In [1]:
import os
import pandas as pd
from pandas import Series, DataFrame
import numpy as np
import seaborn as sns

In [2]:
pd.merge?

In [3]:
from IPython.display import Image
Image("https://adiyatmubarak.files.wordpress.com/2016/01/sql.jpg")
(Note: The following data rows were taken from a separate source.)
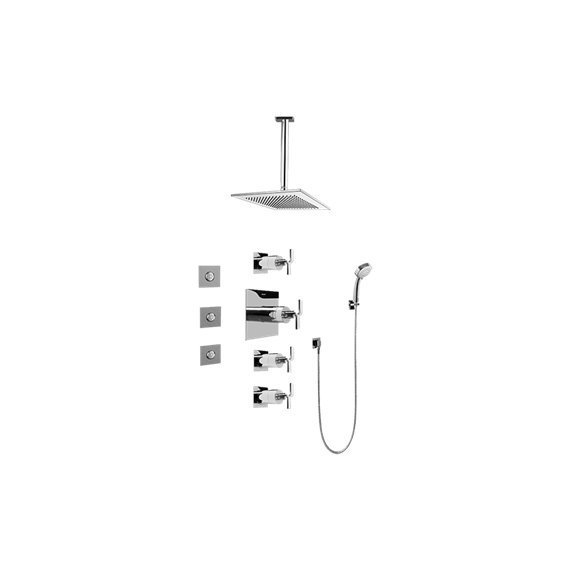 Graff GC1.131A-C9S Contemporary Square Thermostatic Set with Body Sprays and Handshower - Rough and Trim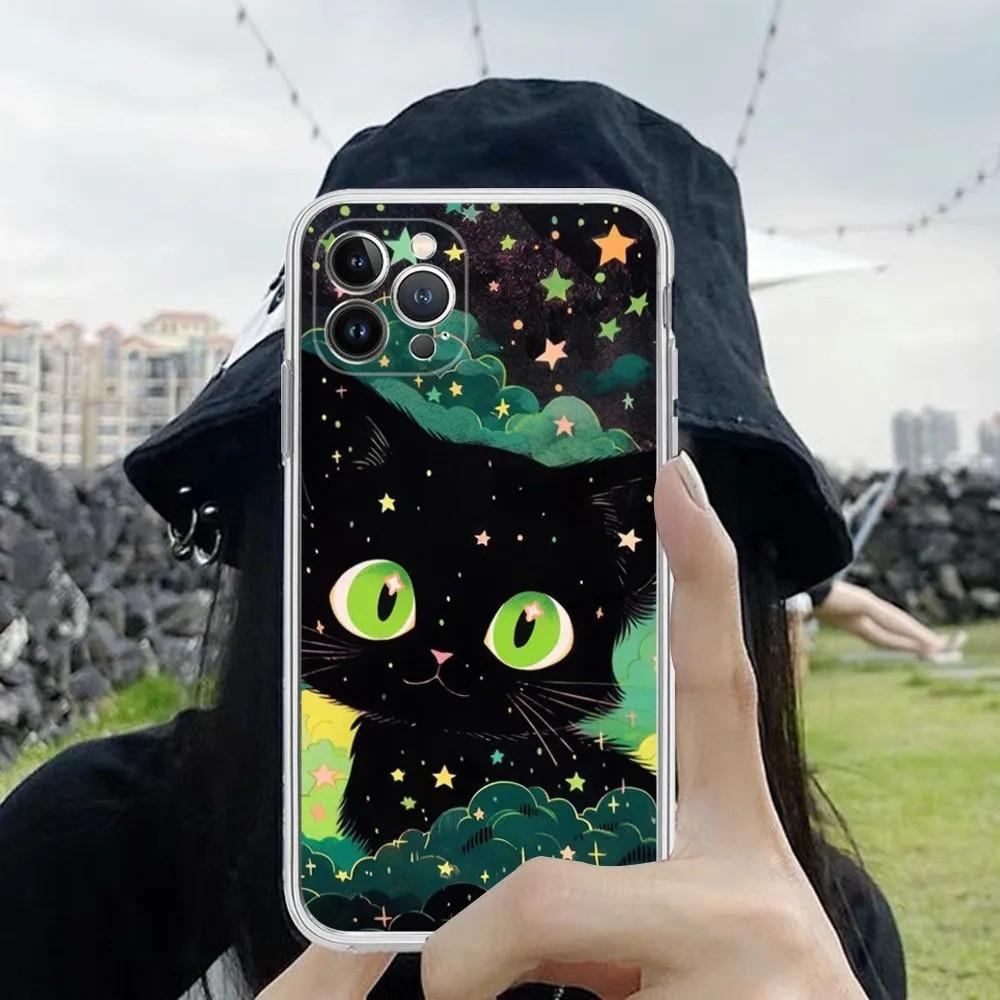 Чехол для мобильного телефона iPhone15 Mini, чехол для мобильного телефона Star Cat, окрашенный, устойчивый к падениям, для мобильного телефона, устойчивого к падениям.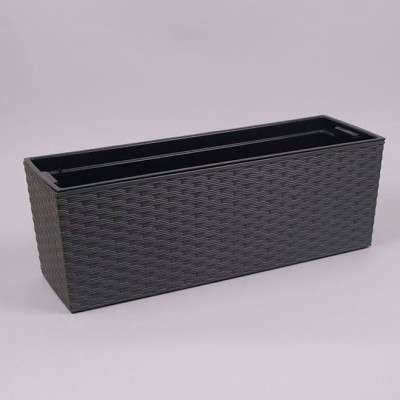 Горщик пластмасовий BEGONIA RATTAN з вкладом графітовий 56см.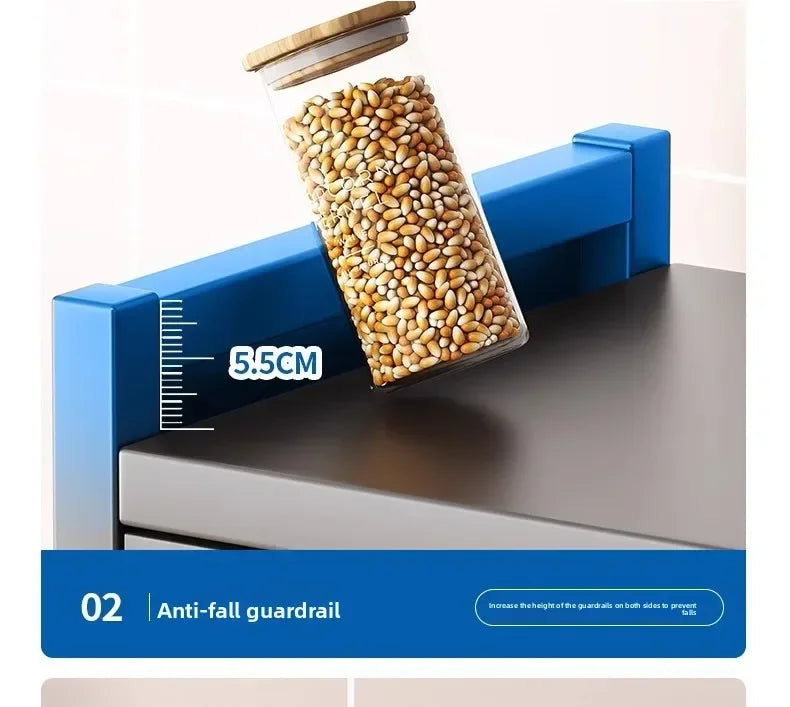 Multi-functional Kitchen Shelf Floor-to-ceiling Shelf Locker Microwave Pot Oven Cabinet Storage Rack with Cabinet Door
<IPython.core.display.Image object>


# 1. Merge
pandas.merge is similar to the _SQL join_ operations; it links rows of tables using one or more _keys_

Syntax:

`merge(df1, df2, 
       how='left', on='key', left_on=None, right_on=None, 
       left_index=False, right_index=False, 
       sort=True, copy=True,
       suffixes=('_x', '_y'))`


The syntax includes specifications of the following arguments

* **Which column to merge on;** 
    * the `on='key'` if the same key is in the two DFs, 
    * or `left_on='lkey', right_on='rkey'` if the keys have different names in the DFs 
    * Note: To merge on multiple keys, pass a list of column names
 
 
* **The nature of the join;** 
    * the `how=` option, with `left`, `right`, `outer`
    * By default, the merge is an `inner` join
    
 
* Tuple of string values to append to **overlapping column names** to identify them in the merged dataset
    * the `suffixes=` option
    * defaults to `('_x', '_y')`
    
 
* If you wish **to merge on the DF index**, pass `left_index=True` or `right_index=True` or both.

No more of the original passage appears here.